=== Excerpted data ===

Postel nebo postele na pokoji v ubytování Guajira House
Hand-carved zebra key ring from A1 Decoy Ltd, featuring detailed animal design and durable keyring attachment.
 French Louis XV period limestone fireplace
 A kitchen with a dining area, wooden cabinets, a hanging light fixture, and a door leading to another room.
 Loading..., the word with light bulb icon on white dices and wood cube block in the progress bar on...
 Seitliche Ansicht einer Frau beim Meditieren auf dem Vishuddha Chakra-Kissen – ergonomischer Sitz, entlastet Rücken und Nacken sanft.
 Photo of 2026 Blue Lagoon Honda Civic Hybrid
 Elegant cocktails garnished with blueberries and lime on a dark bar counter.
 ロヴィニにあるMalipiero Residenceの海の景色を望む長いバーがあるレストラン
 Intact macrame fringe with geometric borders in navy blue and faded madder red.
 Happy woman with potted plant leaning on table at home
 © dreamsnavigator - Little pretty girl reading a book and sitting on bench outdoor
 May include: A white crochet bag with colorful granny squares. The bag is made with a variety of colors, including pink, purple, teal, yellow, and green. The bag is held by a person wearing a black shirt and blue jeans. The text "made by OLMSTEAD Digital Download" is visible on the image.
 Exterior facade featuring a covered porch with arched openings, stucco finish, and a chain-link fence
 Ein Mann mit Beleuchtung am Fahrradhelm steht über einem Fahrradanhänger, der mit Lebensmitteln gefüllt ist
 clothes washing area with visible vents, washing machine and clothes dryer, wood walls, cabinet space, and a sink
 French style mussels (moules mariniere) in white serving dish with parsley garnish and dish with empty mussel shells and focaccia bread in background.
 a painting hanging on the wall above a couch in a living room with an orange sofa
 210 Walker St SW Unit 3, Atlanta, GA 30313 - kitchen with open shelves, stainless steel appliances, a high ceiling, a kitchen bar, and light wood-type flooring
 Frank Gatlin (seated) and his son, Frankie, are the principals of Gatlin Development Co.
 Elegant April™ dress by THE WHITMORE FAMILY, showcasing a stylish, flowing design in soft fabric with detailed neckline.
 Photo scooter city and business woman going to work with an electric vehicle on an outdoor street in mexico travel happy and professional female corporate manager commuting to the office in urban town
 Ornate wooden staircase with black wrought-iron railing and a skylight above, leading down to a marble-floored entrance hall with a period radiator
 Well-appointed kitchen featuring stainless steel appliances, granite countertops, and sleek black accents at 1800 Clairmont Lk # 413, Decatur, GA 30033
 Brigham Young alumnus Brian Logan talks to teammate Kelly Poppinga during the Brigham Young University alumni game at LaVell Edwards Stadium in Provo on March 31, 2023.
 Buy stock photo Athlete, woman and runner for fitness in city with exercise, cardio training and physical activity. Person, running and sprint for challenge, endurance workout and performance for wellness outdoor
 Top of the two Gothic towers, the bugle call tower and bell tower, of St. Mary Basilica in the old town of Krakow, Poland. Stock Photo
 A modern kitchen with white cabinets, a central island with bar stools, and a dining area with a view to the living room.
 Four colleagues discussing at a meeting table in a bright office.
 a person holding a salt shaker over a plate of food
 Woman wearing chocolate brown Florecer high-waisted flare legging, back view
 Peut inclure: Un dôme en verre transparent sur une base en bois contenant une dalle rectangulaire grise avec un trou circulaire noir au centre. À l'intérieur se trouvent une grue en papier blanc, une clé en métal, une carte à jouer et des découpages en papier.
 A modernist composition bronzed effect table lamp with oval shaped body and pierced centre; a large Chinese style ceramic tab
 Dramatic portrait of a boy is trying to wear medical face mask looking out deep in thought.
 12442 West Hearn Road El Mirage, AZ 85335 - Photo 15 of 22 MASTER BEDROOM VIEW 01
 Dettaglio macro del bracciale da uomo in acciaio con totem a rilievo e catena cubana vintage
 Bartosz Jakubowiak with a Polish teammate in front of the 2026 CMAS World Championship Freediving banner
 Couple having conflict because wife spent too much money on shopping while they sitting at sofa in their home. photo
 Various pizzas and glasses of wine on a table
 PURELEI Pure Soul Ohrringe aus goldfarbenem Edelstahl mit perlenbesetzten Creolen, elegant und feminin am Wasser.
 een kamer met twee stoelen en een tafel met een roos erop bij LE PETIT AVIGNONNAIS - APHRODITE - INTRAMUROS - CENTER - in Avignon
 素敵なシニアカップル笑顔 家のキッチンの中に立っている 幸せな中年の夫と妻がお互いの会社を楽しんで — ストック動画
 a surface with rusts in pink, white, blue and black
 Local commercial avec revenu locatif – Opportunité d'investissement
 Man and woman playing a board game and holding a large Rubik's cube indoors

===

Only certain lines are wanted. Please return exactly those from the top of the data through the line with "Intact macrame fringe".

Exercise result:
Postel nebo postele na pokoji v ubytování Guajira House
Hand-carved zebra key ring from A1 Decoy Ltd, featuring detailed animal design and durable keyring attachment.
 French Louis XV period limestone fireplace
 A kitchen with a dining area, wooden cabinets, a hanging light fixture, and a door leading to another room.
 Loading..., the word with light bulb icon on white dices and wood cube block in the progress bar on...
 Seitliche Ansicht einer Frau beim Meditieren auf dem Vishuddha Chakra-Kissen – ergonomischer Sitz, entlastet Rücken und Nacken sanft.
 Photo of 2026 Blue Lagoon Honda Civic Hybrid
 Elegant cocktails garnished with blueberries and lime on a dark bar counter.
 ロヴィニにあるMalipiero Residenceの海の景色を望む長いバーがあるレストラン
 Intact macrame fringe with geometric borders in navy blue and faded madder red.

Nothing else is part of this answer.